I started playing drums when I was 9 years old and never stopped since.
My academic life never constituted an obstacle between my musical effort and my Law Studies. I graduated in Law in my hometown in 2000 discussing a Dissertation on Intellectual Property. I have always found the two worlds compatible, and I had always time to tour, record and study at the same time.
When I first moved to London I was working part time for the Witness support at the Crown Court. Only in recent years I had to stop my full time occupation to dedicate myself exclusively to my music career.
(((o))): Was it a difficult decision?
It has never been a difficult decision. I guess I planned and schemed my future in the way I’ve always wanted. I managed to work full time and go regularly on tour until I decided that I wanted to travel more and use all my mornings to make music in the studio or to have more time for myself. I felt very privileged and grateful to have a job in London that allowed me to own my own place and to choose how to live my life. I respect enormously people who work hard in order to achieve their goals and in a way my “office years” make me proud of myself. I currently teach Italian and drums when I am not touring.

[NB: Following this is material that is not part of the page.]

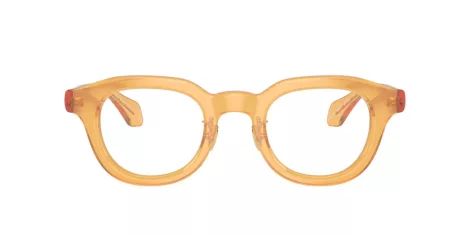 Giorgio Armani AR 7253 6063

(((o))): How did you end up moving to London? Was that a ‘musical’ thing?
After my first school trip to London in 1990 I literally felt in love with it. I visited the city regularly with some friends year after year. I remember organising all my summer trips to catch all the music festivals, Reading, Glastonbury etc…
It has always been a musical city for me but also a city able to enhance your freedom. I instantly felt at ease with the grey urban landscape and find it incredibly beautiful and inspiring. I moved here the day after my thesis and started answering band ads straight away.
(((o))): You play(ed) in, and with, quite a range of bands; Shit and Shine, The Oscillation, Tomaga, Vanishing Twin, Raime. Do these different collaborations change the way you have to play and interact with the other musicians? You must have to adjust your style a lot!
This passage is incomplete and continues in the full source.